- **Dataset extract**:
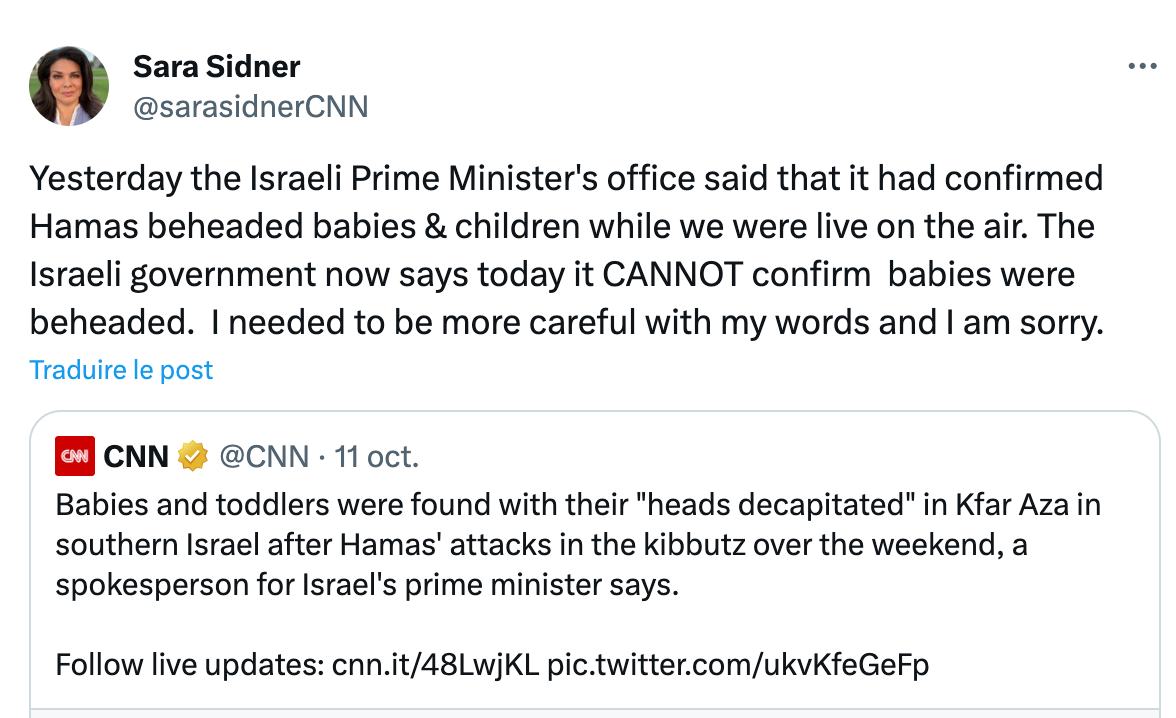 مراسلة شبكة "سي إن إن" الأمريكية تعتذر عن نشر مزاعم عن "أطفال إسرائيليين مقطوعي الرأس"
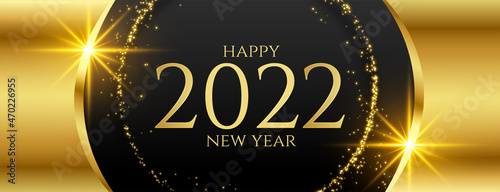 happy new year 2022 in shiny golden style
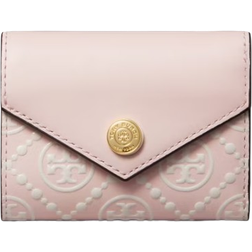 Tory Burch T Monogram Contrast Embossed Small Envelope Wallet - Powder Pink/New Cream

- **Exercise goal**: Without including any picture, copy the listing above exactly and in full.

- **Exercise output**:
 مراسلة شبكة "سي إن إن" الأمريكية تعتذر عن نشر مزاعم عن "أطفال إسرائيليين مقطوعي الرأس"
 happy new year 2022 in shiny golden style
 Tory Burch T Monogram Contrast Embossed Small Envelope Wallet - Powder Pink/New Cream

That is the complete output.